There is no further guidance about HIPAA password requirements. The reason why HIPAA is not more specific about passwords is to ensure legislation does not need to be updated every time there is a change in password and security best practices. For example, at the time when HIPAA was initially enacted, passwords consisting of a minimum of 6 letters was a best practice. Today, 6-digit alphanumeric passwords can be cracked using brute force algorithms within minutes.

Further, while passwords are currently ubiquitous and are the primary way accounts are secured, that could well change in the future due to advances in two-factor authentication and biometrics. HIPAA allows for future changes and is deliberately flexible so HIPAA-covered entities and their business associates can develop their own password policies – provided they comply with the Security Rule Standards referenced above.

Consequently, policies should be developed that stipulate how passwords are created, changed, and safeguarded. Policies should also address resetting passwords when it is reasonably believed a password has been compromised, shared with an individual other than the account holder, or in response to a cyberattack. Finally, policies for safeguarding passwords should stipulate saved passwords are encrypted and never stored in plain text.

How to Make Passwords HIPAA Compliant

While security experts agree that strong, difficult-to-guess passwords are required, there is considerable disagreement about the best approach for setting passwords and HIPAA password management. It is a recognized best practice to ensure that a minimum of 8 characters is used for passwords, that the password should not be a dictionary word, should combine upper- and lower-case letters, at least one number, and a special character.

Unfortunately, a password that meets the above requirements will undoubtedly be secure, but it will also likely be difficult to remember, especially when multiple passwords are required. That is likely to lead to employees writing passwords down or circumventing the password policy by creating memorable but easy-to-guess passwords – qwerty12345! For example. There is also some debate as to how often passwords need to be changed and whether password expiration is necessary.

The best approach to take is to base a HIPAA password policy on the latest advice from the National Institute of Standards and Technology (NIST). NIST publishes security guidance on password use and management and the guidance is regularly updated. The latest NIST password guidance can be found in NIST Special Publication 800-63B. By creating a password policy based on current NIST guidance, healthcare organizations will be able to meet the HIPAA password requirements and keep accounts and data secure.

Best Practices for Password Creation and Management

The HIPAA password requirements essentially require recognized password best practices to be followed, and these are indicated below:

  • Set a minimum password length of 12 characters – NIST recommends a maximum length of 64 characters.
  • Enforce the use of complex passwords requiring a mix of upper- and lower-case letters, numbers, and special characters.
  • NIST recommends creating memorable passwords.
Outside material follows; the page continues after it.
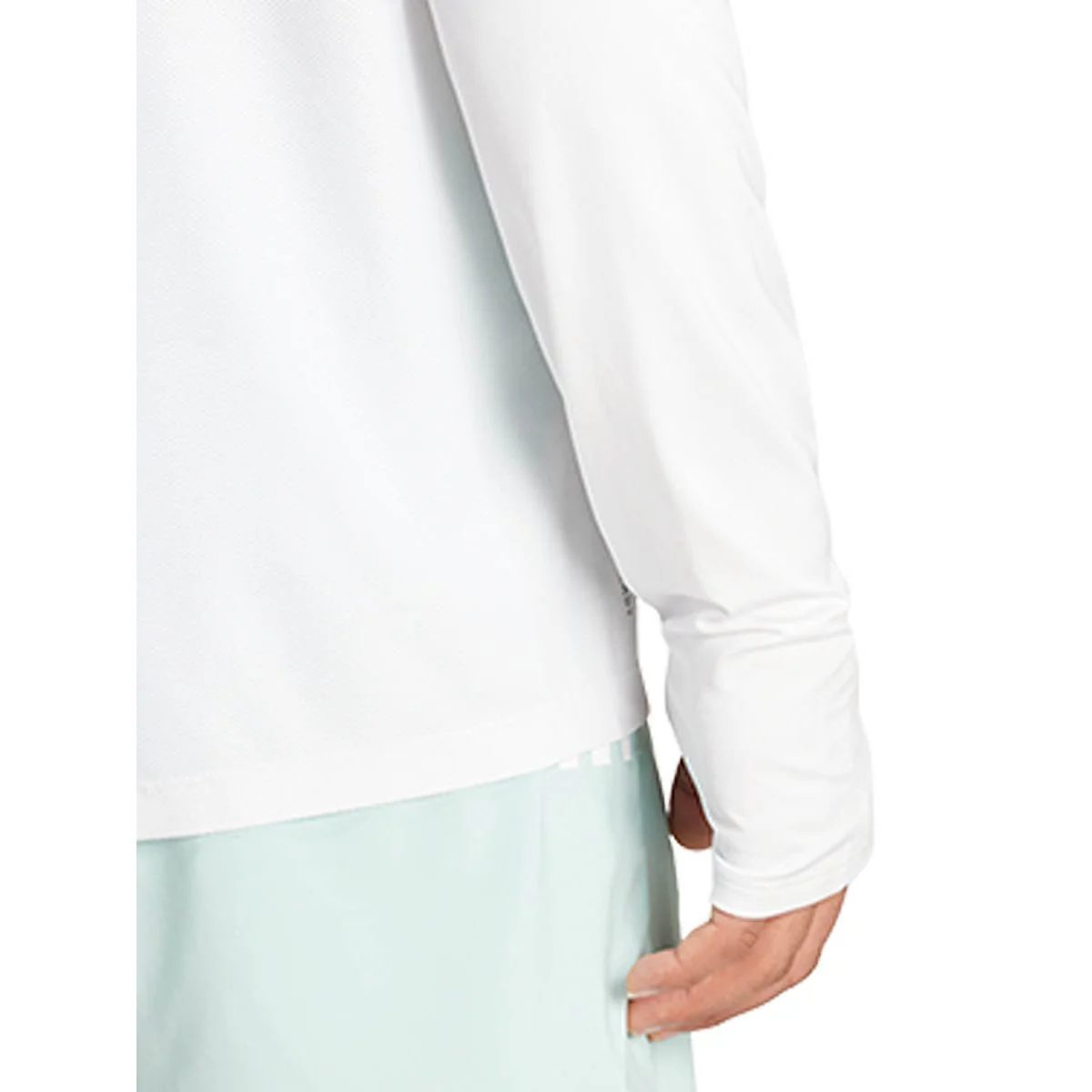 ADIDAS Own the Run Half-Zip Men's Running Sweatshirt - White - L (UK SIZE)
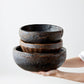 Vintage Iroko Wood Bowl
Enable the use of long passphrases to eliminate password complexity requirements without compromising security.
  • Block the use of commonly used weak passwords and dictionary words.
  • Avoid the use of password hints as they can make passwords much less secure.
  • Enable multi-factor authentication for all accounts to eliminate the need to regularly change passwords.
  • Educate users about good password hygiene, such as changing default passwords, not sharing passwords, and not reusing them on other platforms.
  • Consider using a password manager to help employees create and securely store complex passwords.

Use a HIPAA-Compliant Password Manager

One of the easiest ways to ensure complex, strong passwords are created that meet NIST standards and HIPAA password requirements is to use a password manager like Bitwarden that supports HIPAA compliance. A HIPAA-compliant password manager allows individuals to generate unique, strong, complex passwords for all accounts that meet an organization’s minimum password requirements and keep them secure, yet available.

The provider of a “zero-knowledge” password manager solution is not given access to PHI and is therefore not considered a business associate, but it is important that the company is reputable and has excellent security. The solution should be easy to use, feature end-to-end encryption, and should be able to scale to meet the needs of your organization.

Ideally, a password manager provider should adhere to the standards of the HIPAA Security Rule, especially since the passwords they store could allow access to internal systems containing ePHI. Ideally, a password manager should be chosen that has been audited for compliance with the HIPAA Security Rule.

HIPAA Password Requirements FAQs

What are the brute force tactics that make 6-digit passwords easy to hack?

Brute force attacks are when cybercriminals take advantage of password hacking software to attempt every possible password for a specific username. Although there are more than 56 billion possible combinations for a 6-digit alphanumeric password (consisting of a-z, A-Z, and 0-9), most brute force password cracking software can get through all the combinations within a day.

How much harder is to crack a password that includes special characters?

Any password that includes random special characters increases its complexity exponentially. There are 143,859 Unicode characters that can be used as a special character in a password compared to 62 alphanumeric characters. However, cybercriminals are aware that some people replace specific alphanumeric characters with specific special characters to help them remember their passwords (i.e., replacing “s” with “$”), and this is a practice best avoided.

What does it mean that passwords are “never stored in plain text”?

Employees often have multiple login credentials for multiple accounts and remembering each password can be difficult – especially when covered entities enforce the best practice of using long and complex passwords. Therefore, the temptation is to make a list of passwords and save them in a spreadsheet in plain text. The problem with this is that anybody with physical or remote access to the workstation can access the spreadsheet and all the passwords saved in it.

How does using password hints make passwords less secure?

Password hints are usually questions you complete the answers to so you can recover a password when you have forgotten it – for example, your birthday, where you were born, or your dog´s name. Employees with an active social media presence often have this information in their profiles or timeline, making it easier for a cybercriminal to access their accounts by finding out the answers to the password hint questions.

What makes a password manager HIPAA-compliant?

HIPAA is deliberately technology neutral, and there are no HHS-approved certifications for technology solutions, so it is incorrect to claim any technology is HIPAA-compliant – it is how the technology is used that determines compliance. Nonetheless, some password managers support HIPAA compliance better than others with (for example) access controls, audit logs, and automatic logoff capabilities.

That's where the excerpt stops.